HB 2041 would allow towns to prohibit marijuana facilities within 1,000 feet of a school; and an amendment attached to the bill would place a 17 percent sales tax on retail marijuana product. HB 3400 would establish rules and regulations for the implementation of recreational marijuana and the amendment to it would allow municipalities to levy a 3 percent sales tax if local voters approve it.
The 3 percent tax amendment is being used to help end a disagreement between state and local municipalities over how much power towns have to ban recreational and medicinal marijuana facilities. Although future challenges over the issue may appear in court, this small compromise helps end the issue for now.
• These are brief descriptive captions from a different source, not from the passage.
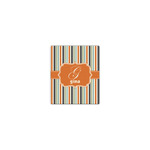 Orange & Blue Stripes Canvas Print - 8x10 (Personalized)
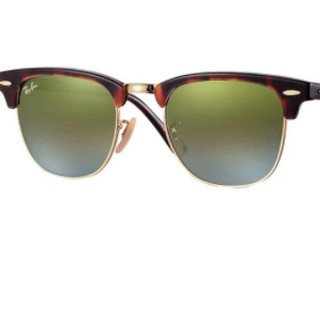 Ray-Ban 雷朋 Wayfarer徒步旅行者系列中性渐变反光防紫外线太阳镜RB3016990/9J51 绿色镜片+玳瑁色镜框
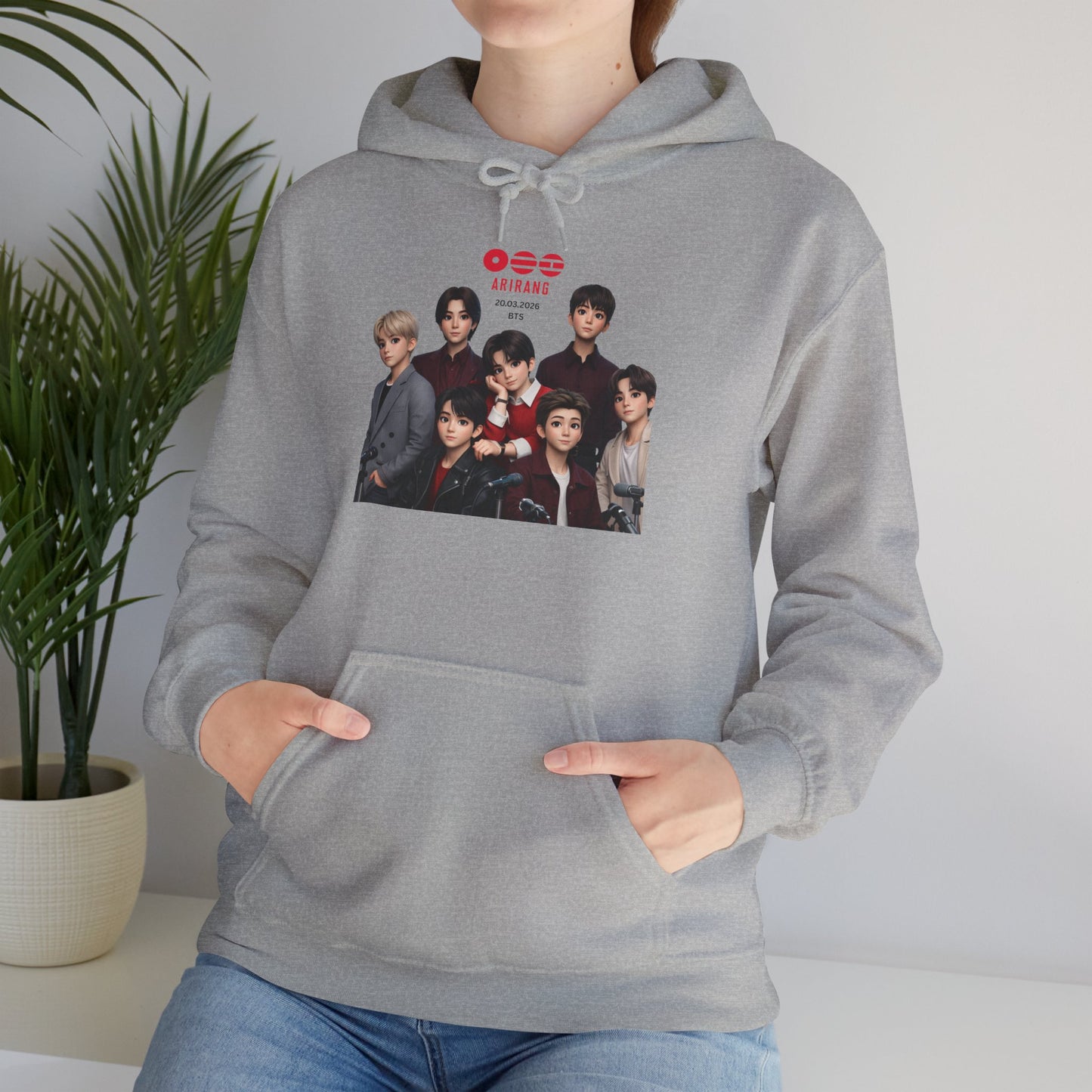 BTS Group Photo Hoodie – Korean Boy Band Pullover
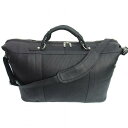 【送料無料】 ピエル レザー メンズ スーツケース バッグ Piel Leather Large Carry-On Satchel Black(4)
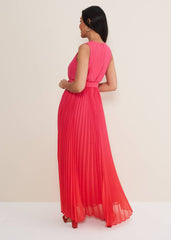 Petite Piper Ombre Maxi Dress Red/Pink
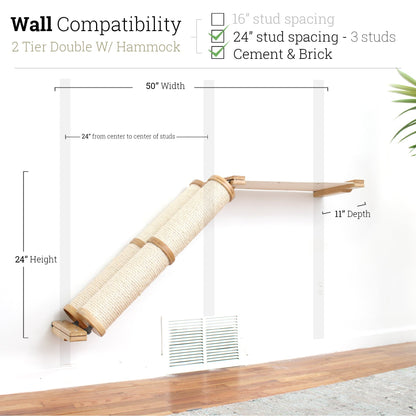Slanted Cat Scratcher for Wall
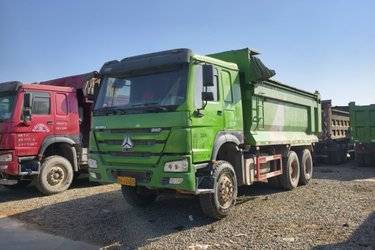 二手中国重汽 HOWO T6G重卡 380马力 6X4 5.8米自卸车(国五) 后八轮 中国重汽二手自卸车 黄牌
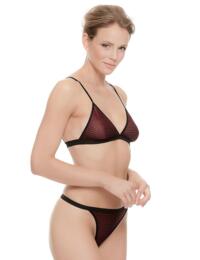 240404 Ultimo Ember Bralette And Thong Set - 240404 Red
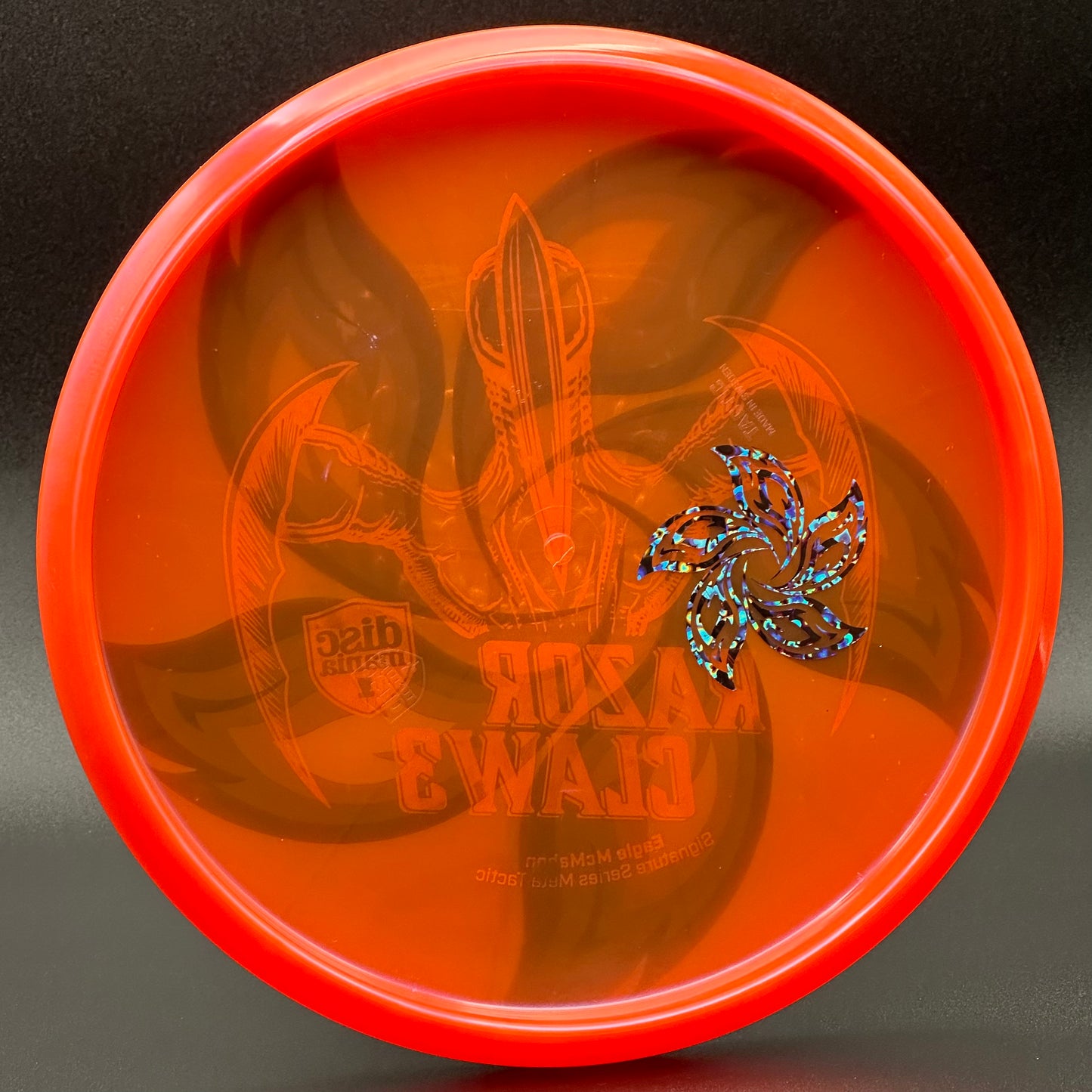 LORE | Discmania Eagle McMahon Signature Series Razor Claw 3 Meta Tactic | Silver Stars/Silver Hearts | 177g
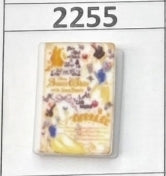 2255- Snow Whit Book Focal Bead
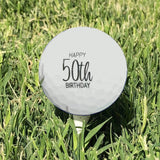 50th Birthday Gift Personalized Golf Balls (1 Dozen)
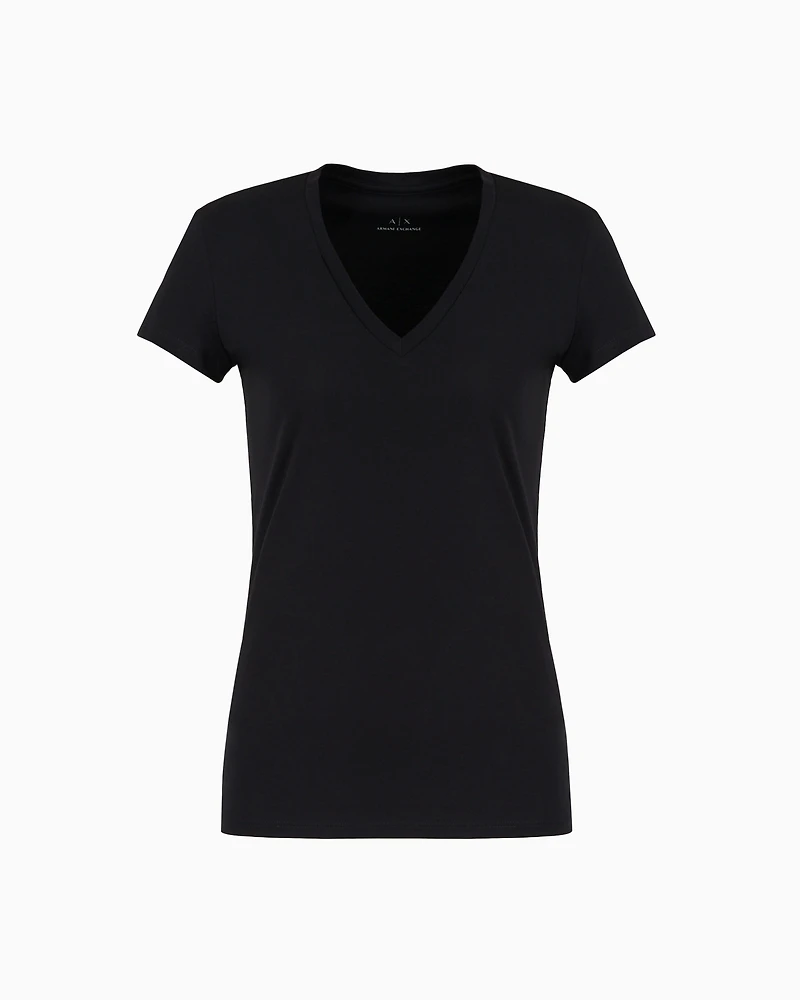 Slim fit T-shirt pima cotton jersey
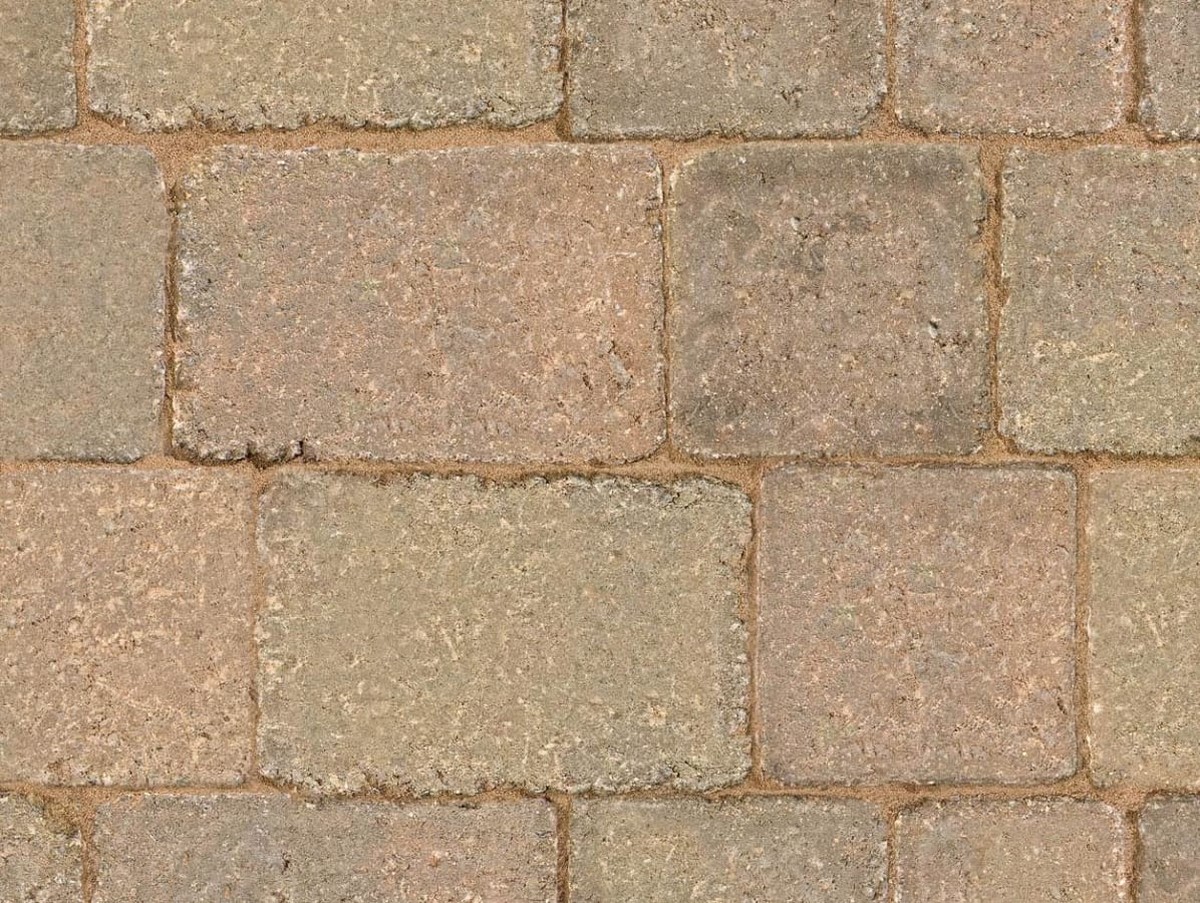 Drivesett® Tegula Original Block Paving 160 x 120 x 50mm - Harvest (11.64m2) Price Comparisons | Compare The Build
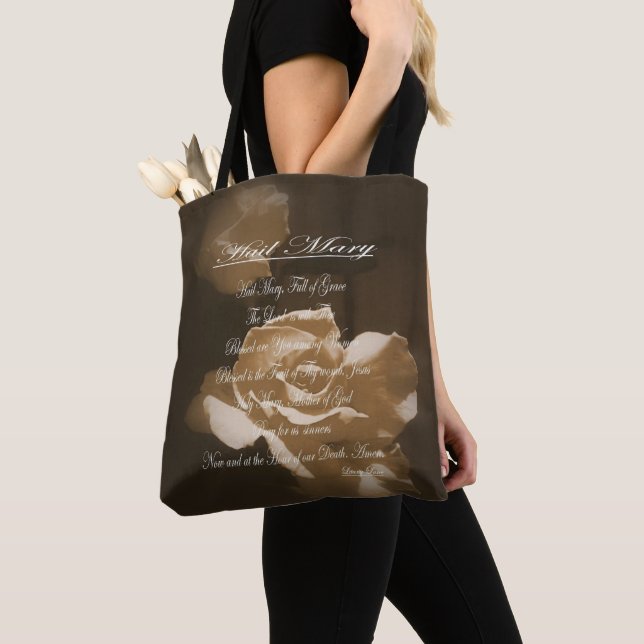 Bolsa Tote Ave Mary Prayer (Close Up)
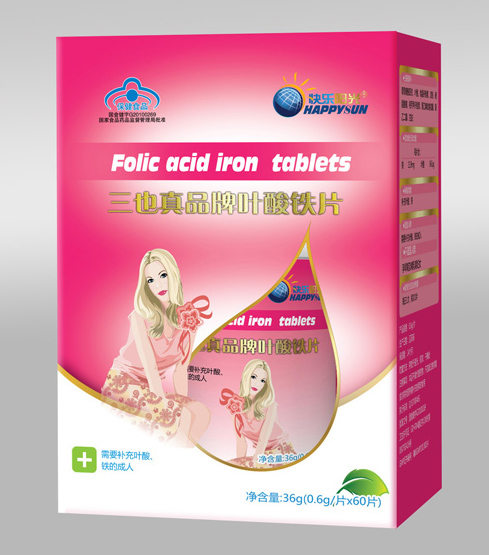 快樂(lè)陽(yáng)光葉酸鐵片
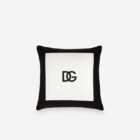 декоративна възглавница dolce gabbana dg logo cotton gabardine small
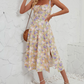 Floral A-Line Midi Dress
The reason why legislators want to move away from a harvest tax and toward a sales tax is to make it easier to work with. For example, by taxing at the point of sale, dispensary owners would potentially be able to sell both recreational and medicinal marijuana without confusion.
Sen. Ginny Burdick, speaking with The Associated Press co-chair of the joint committee implementing Measure 91, has claimed that the 17 percent rate was chosen to keep Oregon marijuana cheaper than marijuana in Colorado and Washington, as well as keeping consumers out of the black market.
However, taxes in Colorado are already far lower than what is being debated in Oregon. In fact, Gov. John Hickenlooper signed a bill on June 4, 2015, so that recreational marijuana taxes will fall from 10 percent to 8 percent starting in 2017. There is also a planned tax-holiday for marijuana on September 16, 2015.
Regardless of workability, many Oregonians still feel cheated by lawmakers for trying to pass the taxes. When voters approved Measure 91, they did not vote for a sales tax; they voted for a $35 an ounce harvest tax.
Right now, nothing is set in stone, and both bills have yet to go to the House. In that time, changes may or may not come; and even then, the Senate may make changes of its own. Lawmakers could be circumventing the intentions of Measure 91; however, the state still needs a solid tax system that will not harm consumers or the industry.